(Las Vegas) La présentation d’un modèle grandeur nature d’« avion spatial » de Sierra Space au salon annuel de l’électronique grand public à Las Vegas (CES), cette semaine, est la preuve de l’avènement de l’ère d’un marché de l’espace, avec son potentiel vertigineux et les risques qu’il implique.  

Au moment où de plus en plus d’entreprises privées s’intéressent à l’espace, les experts du secteur estiment que cette tendance donnera naissance à de nombreuses avancées technologiques mais avec la perspective quasi-certaine que des désastres spatiaux auront lieu et que des vies seront perdues.

Sierra Space, filiale de la société Sierra Nevada, veut que son vaisseau de neuf mètres, baptisé « Dream Chaser », effectue ses premières missions cette année, l’engin réutilisable étant la clé de voûte de ses ambitions stellaires.  

« Auparavant, seuls les gouvernements pouvaient le faire. Maintenant, les êtres humains ordinaires peuvent aller dans l’espace », explique à l’AFP Neeraj Gupta, responsable des destinations spatiales chez Sierra Nevada.

La mini-navette a été conçue pour transporter des personnes et de l’équipement vers et depuis des installations spatiales commerciales que l’entreprise envisage de bâtir dans les 8 à 10 prochaines années, notamment un système de structures gonflables destinées à accueillir des humains en orbite.  

Sierra Nevada a signé un accord avec la NASA pour des vols non habités vers la Station spatiale internationale qui doivent débuter en 2022 et collabore avec la société Blue Origin de Jeff Bezos pour développer un comptoir commercial dans l’espace.  

« Nous observons vraiment l’ouverture d’un marché pour amener de plus en plus de personnes dans l’espace », assure Neeraj Gupta.  

Les projets commerciaux liés à l’espace voient le jour à un rythme effréné et font l’objet de toutes les attentions, en particulier les lancements des fusées de SpaceX, entreprise fondée par Elon Musk, qui transportent des astronautes pour le compte de la NASA.  

L’année dernière, le voyage spatial de Jeff Bezos, à bord d’une fusée de sa propre société, a tour à tour suscité la fascination et une pluie de critiques outrées de la « course à l’espace » que se livrent ces milliardaires.  

Risques spatiaux

Au-delà du tourisme, l’espace est ainsi désormais vu comme un nouvel horizon commercial à prendre au sérieux.  

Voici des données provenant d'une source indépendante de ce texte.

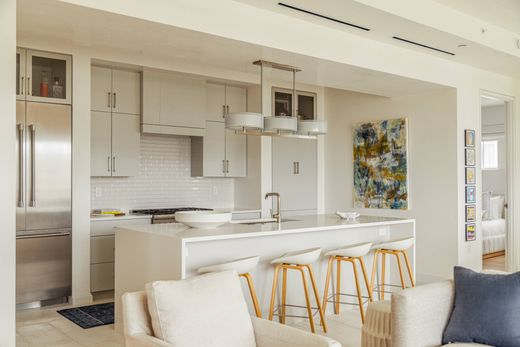 Apartamento - Alys Beach, Walton County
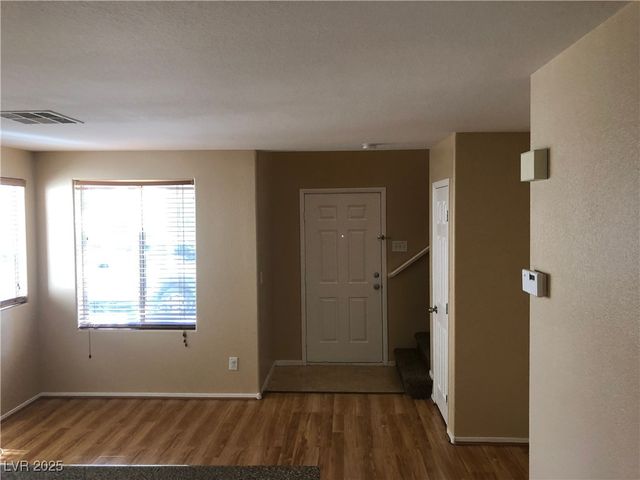 842 Trout Stream Court, Henderson, NV 89052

À Las Vegas, une vidéo montre un modèle non habité de « l’avion spatial » de Sierra Space revenir sur Terre et atterrir sur une piste comme n’importe quel avion de ligne.  

De nombreuses entreprises s’étaient déjà penchées sur des idées plus ou moins farfelues comme l’exploitation minière d’astéroïdes ou des applications biomédicales mais, jusqu’à il y a cinq ans, l’idée de produire quelque chose dans l’espace et de le ramener sur Terre ne faisait pas sens, détaille Mason Peck, professeur d’astronautique à l’université Cornell.  

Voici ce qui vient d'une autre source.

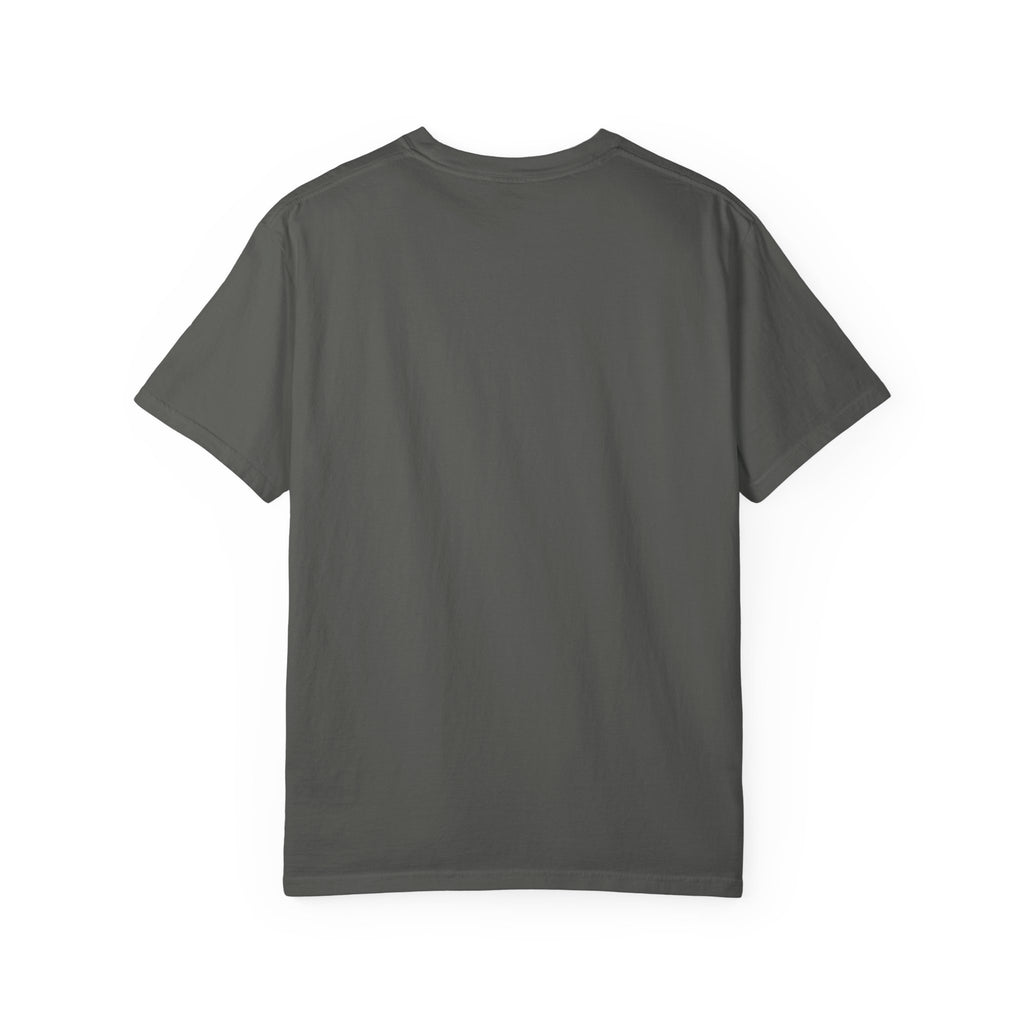 Stay Weird T-Shirt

« Désormais il y a des entreprises qui sont réellement en train d’étudier cette question : comment puis-je gagner de l’argent dans l’espace ? », confirme-t-il à l’AFP.  

« Cela n’a jamais été la façon dont les gens envisageaient l’intérêt de l’espace. C’était toujours lié à quelque chose de plus profond, comme le bénéfice pour l’homme, l’humanité ou celui de la science », poursuit-il.  

Mais l’attrait du profit a le pouvoir d’accélérer fortement la productivité et les avancées technologiques, beaucoup plus que l’approche lente et réfléchie de la NASA ou de l’Agence spatiale européenne.  

« Davantage de capitaux sont investis dans l’industrie spatiale. La technologie s’améliore, les coûts baissent donc tout le monde en tire profit », analyse Mike Gruntman, professeur d’astronautique à l’université de Californie du Sud.  

Ces efforts sont en lien avec la politique de la NASA qui vise à stimuler une économie commerciale dominée par les États-Unis dans l’orbite terrestre basse.  

Mais la perspective d’une hausse de l’activité spatiale de la part d’entreprises privées pourrait aussi générer de vrais risques.  

« Il y aura sûrement un moment où surviendront une tragédie, des morts et de la destruction à cause de cela comme c’est toujours le cas. Il y a bien des accidents de voiture, des ponts qui s’effondrent, des trains qui déraillent », prévient Mason Peck.  

« Le prochain William Shatner que nous envoyons dans l’espace pourrait ne pas revenir… et ce sera effroyable. Mais ce n’est pas une raison de ne pas le faire », conclut-il, en faisant référence à l’acteur incarnant l’emblématique capitaine Kirk de la série Star Trek, qui s’est rendu dans l’espace en octobre à bord d’une fusée de Blue Origin.